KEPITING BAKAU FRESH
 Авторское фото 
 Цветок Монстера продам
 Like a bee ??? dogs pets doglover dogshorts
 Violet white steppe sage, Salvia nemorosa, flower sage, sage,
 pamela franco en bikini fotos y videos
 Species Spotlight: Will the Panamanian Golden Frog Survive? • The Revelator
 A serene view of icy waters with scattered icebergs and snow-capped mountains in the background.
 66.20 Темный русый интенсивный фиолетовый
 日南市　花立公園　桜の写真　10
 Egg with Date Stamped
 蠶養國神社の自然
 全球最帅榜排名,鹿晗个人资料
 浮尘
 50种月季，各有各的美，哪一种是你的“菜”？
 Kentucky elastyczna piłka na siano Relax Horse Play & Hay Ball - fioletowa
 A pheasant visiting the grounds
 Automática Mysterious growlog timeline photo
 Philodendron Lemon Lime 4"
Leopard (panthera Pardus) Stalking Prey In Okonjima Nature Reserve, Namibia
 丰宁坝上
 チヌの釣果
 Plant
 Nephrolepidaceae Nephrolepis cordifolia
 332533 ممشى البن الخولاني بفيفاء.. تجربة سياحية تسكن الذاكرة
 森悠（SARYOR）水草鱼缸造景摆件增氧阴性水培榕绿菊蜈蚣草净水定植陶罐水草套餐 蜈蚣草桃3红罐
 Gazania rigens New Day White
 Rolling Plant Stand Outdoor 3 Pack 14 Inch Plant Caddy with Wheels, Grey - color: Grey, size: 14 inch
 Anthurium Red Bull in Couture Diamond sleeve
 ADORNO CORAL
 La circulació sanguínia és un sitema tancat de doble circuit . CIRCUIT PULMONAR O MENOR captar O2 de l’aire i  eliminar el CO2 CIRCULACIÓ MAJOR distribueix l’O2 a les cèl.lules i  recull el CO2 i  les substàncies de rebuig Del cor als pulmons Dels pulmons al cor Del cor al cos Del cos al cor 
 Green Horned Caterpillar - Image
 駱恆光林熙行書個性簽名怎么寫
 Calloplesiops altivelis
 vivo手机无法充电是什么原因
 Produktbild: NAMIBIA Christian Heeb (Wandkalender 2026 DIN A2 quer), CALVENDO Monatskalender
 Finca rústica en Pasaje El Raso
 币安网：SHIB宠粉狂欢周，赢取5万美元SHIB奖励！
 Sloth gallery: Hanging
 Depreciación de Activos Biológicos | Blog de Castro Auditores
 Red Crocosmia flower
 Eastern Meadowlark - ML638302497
==*==
* PROBLEM DESCRIPTION: In the answer, each entry from the listing must be transcribed exactly.

* EXPECTED ANSWER:
KEPITING BAKAU FRESH
 Авторское фото 
 Цветок Монстера продам
 Like a bee ??? dogs pets doglover dogshorts
 Violet white steppe sage, Salvia nemorosa, flower sage, sage,
 pamela franco en bikini fotos y videos
 Species Spotlight: Will the Panamanian Golden Frog Survive? • The Revelator
 A serene view of icy waters with scattered icebergs and snow-capped mountains in the background.
 66.20 Темный русый интенсивный фиолетовый
 日南市　花立公園　桜の写真　10
 Egg with Date Stamped
 蠶養國神社の自然
 全球最帅榜排名,鹿晗个人资料
 浮尘
 50种月季，各有各的美，哪一种是你的“菜”？
 Kentucky elastyczna piłka na siano Relax Horse Play & Hay Ball - fioletowa
 A pheasant visiting the grounds
 Automática Mysterious growlog timeline photo
 Philodendron Lemon Lime 4"
Leopard (panthera Pardus) Stalking Prey In Okonjima Nature Reserve, Namibia
 丰宁坝上
 チヌの釣果
 Plant
 Nephrolepidaceae Nephrolepis cordifolia
 332533 ممشى البن الخولاني بفيفاء.. تجربة سياحية تسكن الذاكرة
 森悠（SARYOR）水草鱼缸造景摆件增氧阴性水培榕绿菊蜈蚣草净水定植陶罐水草套餐 蜈蚣草桃3红罐
 Gazania rigens New Day White
 Rolling Plant Stand Outdoor 3 Pack 14 Inch Plant Caddy with Wheels, Grey - color: Grey, size: 14 inch
 Anthurium Red Bull in Couture Diamond sleeve
 ADORNO CORAL
 La circulació sanguínia és un sitema tancat de doble circuit . CIRCUIT PULMONAR O MENOR captar O2 de l’aire i  eliminar el CO2 CIRCULACIÓ MAJOR distribueix l’O2 a les cèl.lules i  recull el CO2 i  les substàncies de rebuig Del cor als pulmons Dels pulmons al cor Del cor al cos Del cos al cor 
 Green Horned Caterpillar - Image
 駱恆光林熙行書個性簽名怎么寫
 Calloplesiops altivelis
 vivo手机无法充电是什么原因
 Produktbild: NAMIBIA Christian Heeb (Wandkalender 2026 DIN A2 quer), CALVENDO Monatskalender
 Finca rústica en Pasaje El Raso
 币安网：SHIB宠粉狂欢周，赢取5万美元SHIB奖励！
 Sloth gallery: Hanging
 Depreciación de Activos Biológicos | Blog de Castro Auditores
 Red Crocosmia flower
 Eastern Meadowlark - ML638302497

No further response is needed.